Haseeb Malik: Primary trainee

Cohort 2018/19

1st March 2019

 I am a superhero, a real-life superhero!

Now, I wouldn’t normally say that starting a blogpost with such a lofty, audacious and rather bizarre claim is a move that will endear you to your audience but…just think about this for a second… 

Every morning I wake up early, okay? I look in the mirror, I remember what I look like, I certainly don’t look like a conventional superhero.  I accept that I cannot change my appearance and I go off to work: I’m safe in the knowledge that my day is going to have an impact, it’s going to mean something. My day is not complete unless I feel as though I have made at least an ounce or a shred of difference to someone – preferably a pupil – however minute, however crucial. 
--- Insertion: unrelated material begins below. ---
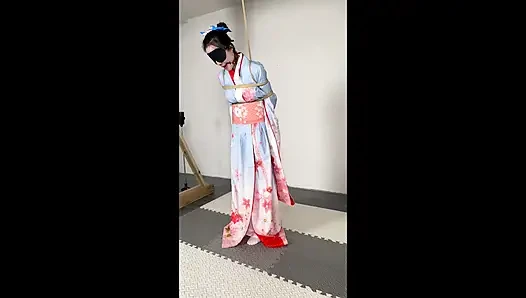 Der Höhepunkt, wie man einen Kimono an einem sonnigen Tag trägt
On any given day, I leave home in order to save a pupil or, better yet, the entire class. Now, let me just deflate my own ego just a tad and acknowledge that I’m not actually saving them from a burning fire or from the wreckage of a motor accident on a suspect bridge, but I am giving them my time, my attention, my effort, my energy and much more. If I had a cape, I’d be wanting to take it off and place it on their backs so that they too can have the confidence and the knowledge with which to soar through their studies. 

I am not trying to be facetious. I am not trying to overinflate my own importance, but I know, even at this point during a School Direct traineeship, that I cannot ‘phone-it-in’; I cannot be passive because there is too much at stake. Now that is not to say that I always ‘nail-it’, not only am I human but I am also yet to pass the QTS year – we’re only halfway through – I’ve still got plenty time to clip all the remaining hurdles I have to cross. Nevertheless, I will cross them, and I will take those pupils with me.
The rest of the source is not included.